Marketers Aren't Listening to the Voice of the Customer?*!

Friday, January 14, 2011

I find this data from today’s Center for Media Research newsletter so stunning that I’ll just quote it verbatim:

A new study by MarketTools revealed that 94% of companies do not yet use social media channels such as Facebook and Twitter to gather customer feedback, despite consumers' growing engagement with these mediums. The study found that the most common ways companies gather customer feedback are email/online surveys (51%), formal phone surveys (28%), and informal phone calls (28%).

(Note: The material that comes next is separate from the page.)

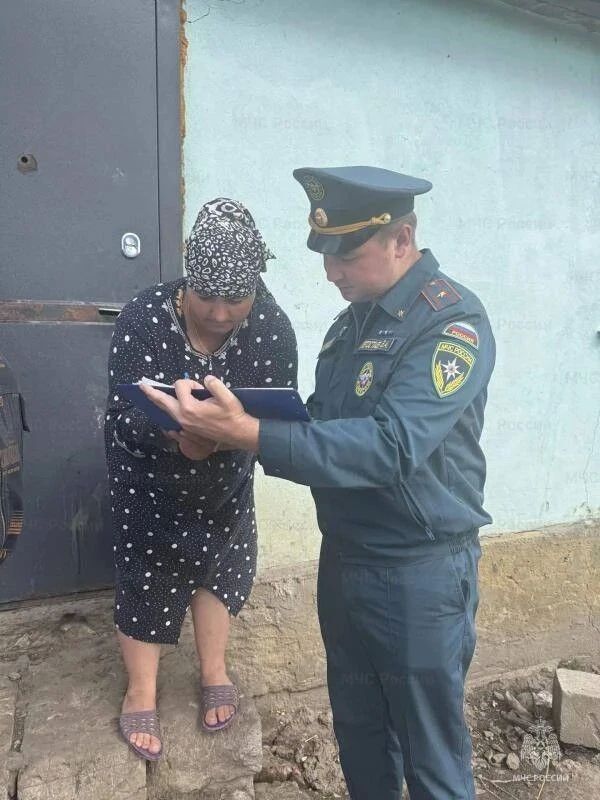 Безопасность в каждый дом: сотрудники МЧС России проводят профилактические рейды в муниципалитетах Орловщины Безопасность в каждый дом: сотрудники МЧС России проводят профилактические рейды в муниципалитетах Орловщины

As someone (and I doubt that I’m unique) who just refused to answer the email survey from the car manufacturer because I had already answered the one from the dealer and who uses ANI to select the phone calls I answer, I’m pretty sure these 94% of companies are missing the mark. While I’m engaging in self-revelation, I’ll also add that I don’t usually respond to emails for reviews of products I’ve just purchased. I do occasionally, and I would have done so for the car, had they asked me because it has one noticeable improvement over the model I previously owned. The car companies really have overdone the satisfaction surveys—especially since the sales and service people have been trained to ask customers not to say anything bad about them!!!—see #3 below and ponder. The rest of the data from the newsletter is also quoted verbatim:

1. 39% of executives surveyed said that their companies increased focus on customer satisfaction in 2010 versus 2009, with 21% stating that they invested more in customer satisfaction-related products and services in 2010 versus 2009
2. Despite the importance given to customer satisfaction, 14% of executives surveyed said their companies don't solicit customer feedback at all
3. 46% of the executives surveyed rate their company's performance on customer satisfaction in the top 10% when compared to their peer companies, and 93% rate themselves in the top 50% of peer companies.
4. Still, 56% of all respondents said their companies do not have, or are not sure if their companies have, a formal voice of the customer (VOC) program
5. Nearly one out of every four executives said that they seldom or never use customer feedback to change a business process.

I also have a personal perspective on #5. I made an online Christmas order for 9 items, none of which showed being out of stock. However, only 5 were shipped and the invoice listed 4 as out of stock (inventory failure). I was, however, billed for the total amount of the order (billing failure). I tried the call center several times to always find a lengthy wait. So I tried email—every day for one week plus some miscellaneous. I got 2 autoresponses for each email (marketing automation failure), but never a real response. My credit card took my word for it and refunded the difference. I wrote the above in considerably more detail to the operations VP. In the meantime, the company started refunding my money, one item at a time (another marketing automation failure)! The VP simply passed my email onto the call center manager, who has no responsibility for any of these things except possibly the wait time, although that’s probably a budget issue. But the VP got it off his desk, apparently happily ignoring the fact that it was business processes at fault, not customer service.

The opposite end of the spectrum is the social media mission control centers recently established by Pepsi’s Gatorade (video here) and by Dell. This 3-minute video is from the opening of Dell’s center with commentary by several industry experts.

Smaller companies/brands should not let the size of these “mission control” operations put them off. It’s a matter of scale and the listening issue of small brands is not the listening issue of Dell. Smaller brands, smaller companies need to think about their own processes, which I’ll lump under the Voice of the Customer rubric.

My recent personal experience says:

1. I would have done a customer review on the car because there was something (in this case favorable, though that’s not the issue) I’d like to point out to potential purchasers. I don’t care to waste my time checking Excellent on a mind-numbing set of Likert scales.
2. Even a VP can take a few seconds to acknowledge a customer email—even better to show that the real nature of the customer problem is recognized. This company is out about $25 in an undeserved refund—more important it permanently lost this customer!

How can you scale Dell’s and Gatorade’s listening activities to your brand? That’s the real issue and it can—and should be—dealt with! While they’re at it, corporate executives should come out of their protected cocoons and actually listen to the voice of the customer!!